Now it’s the Victorian branch where the knives are out, and here’s Whelan in the press again:
While similar places and people probably exist in plague proportions in the Liberal and National parties, the Victorian court case, and the selection of a lifelong party professional as the new Premier of NSW, demonstrates there are many, many Murray[ Whelan]s in real-life Labor.
And their presence goes a fair way to explain the mind-set of a party that seems happier fighting over preselections for seats it already holds than worrying about winning some new ones.
When I saw Stephen Matchett’s column in The Australian yesterday, I got excited — I assumed it meant a new Whelan novel was about to hit the shelves. Alas, we’ll have to wait a bit longer, though Shane Maloney’s website reveals that “[t]he author is presently toiling on number six, with a total of seven in mind.” Happy happy joy joy! I just hope they come sooner rather than later.
It’s not surprising that Maloney’s works are called upon by columnists. They paint a very real picture of an aspect of the Labor Party — overworked electorate officers dealing with eccentric bosses and mad constituents, grey meetings where members pretend they have an influence, and secret meetings where the real decisions are made. Matchett highlights a passage from Something Fishy that must resonate with everyone who has been a member of the Party:
The Australian Labor Party is composed of two main factions. Them and us. Ideologically distinct only at their extremities, their function is the distribution of spoils. But fighting over the spoils of defeat was a ritual for which I could muster little enthusiasm.
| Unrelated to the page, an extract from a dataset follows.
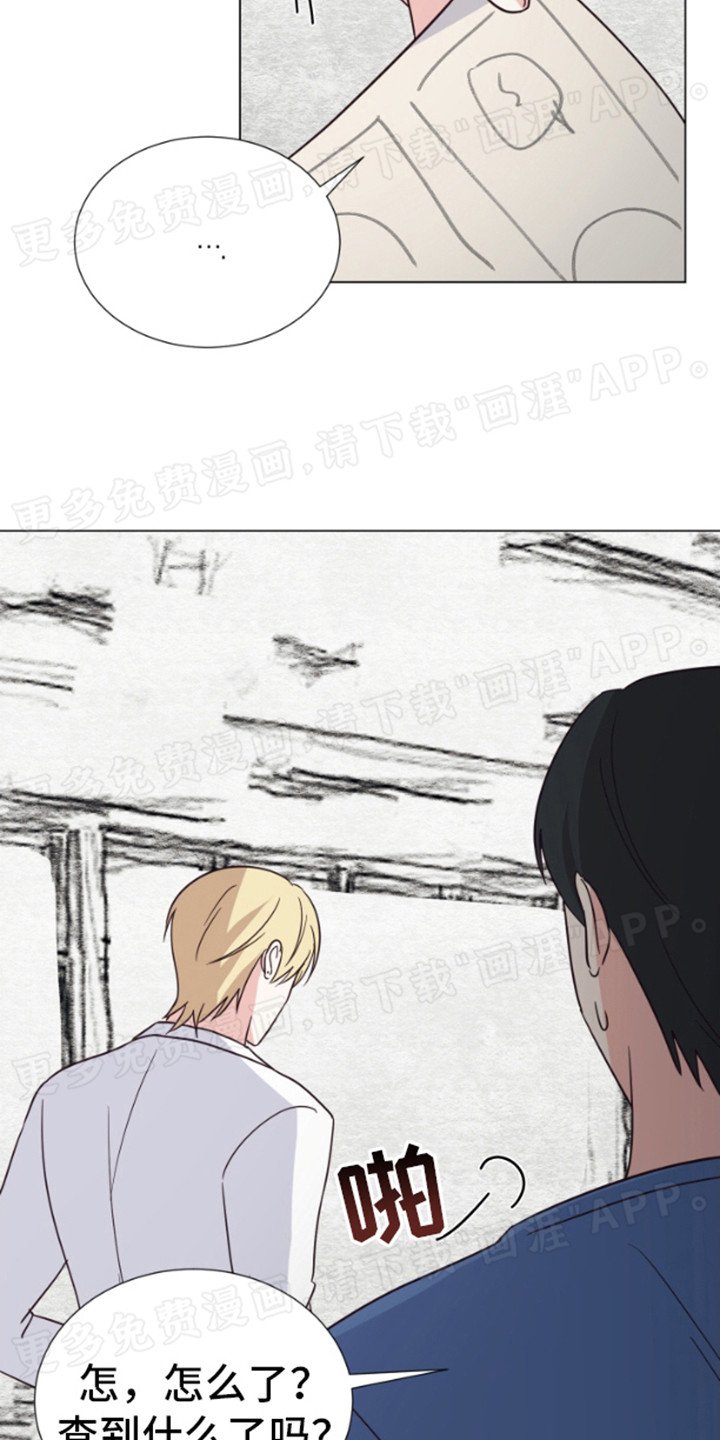 第5章：想到办法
But it’s easy to let that aspect of party politics — “politics as a trade, not a cause” — overshadow the real reason most people are involved. I get angry when I see people who join factions for their career prospects, or who hop from one to the next on the promise of some perk. Thankfully, those people are fewer than the press, or Maloney’s novels, would have you believe. I’m a proud member of a faction because I believe in its cause. If the Labor Left was a party in its own right, that’s what I would join.
I reckon outfits like Labor First and GetUp! might do more harm than good. GetUp! wants to develop a non-partisan movement, but it risks entrenching left-wing disenfranchisement with the political process. Sitting on your arse, bitching about tweedle-dum and tweedle-dee, and firing off an occasional email will not fix anything. Labor First blames factionalism for the party’s woes, but what’s its solution? A new faction, with no coherent ideological or policy base beyond… well, opposition to factions.
I’ll admit that the existing factions behave badly from time to time, and they aren’t always as inclusive as they should be (my own faction recently stripped ordinary members of voting rights), but I don’t think establishing new structures is the answer. Matchett says Maloney’s novels reveal that “politicians and officials manoeuvre against each other, because that is what they do, but the members are ever fewer.” That, I think, is the problem: Labor’s structure is that of a mass political party that no longer exists.
Factions work best when they have strong (real) membership bases. If you support the ALP but don’t support the way it is run, I think you should join the party and go to meetings. Find out about the factions, identify which one holds the beliefs that most closely resemble your own, and join it. Turn up to meetings, speak your mind, and do your best to avoid getting caught up in subfactional turf wars.
It’s about time members of factions stopped being embarrassed by them. We should be telling people about the reasons we joined: I enjoy Left meetings more than branch meetings, and I enjoy caucus more than State Executive meetings. It’s about friendship, debate, drinking and, most importantly, shared values and beliefs. The factions are the life of the party, and Labor supporters should cut through the media bullshit to find out what they’re really like.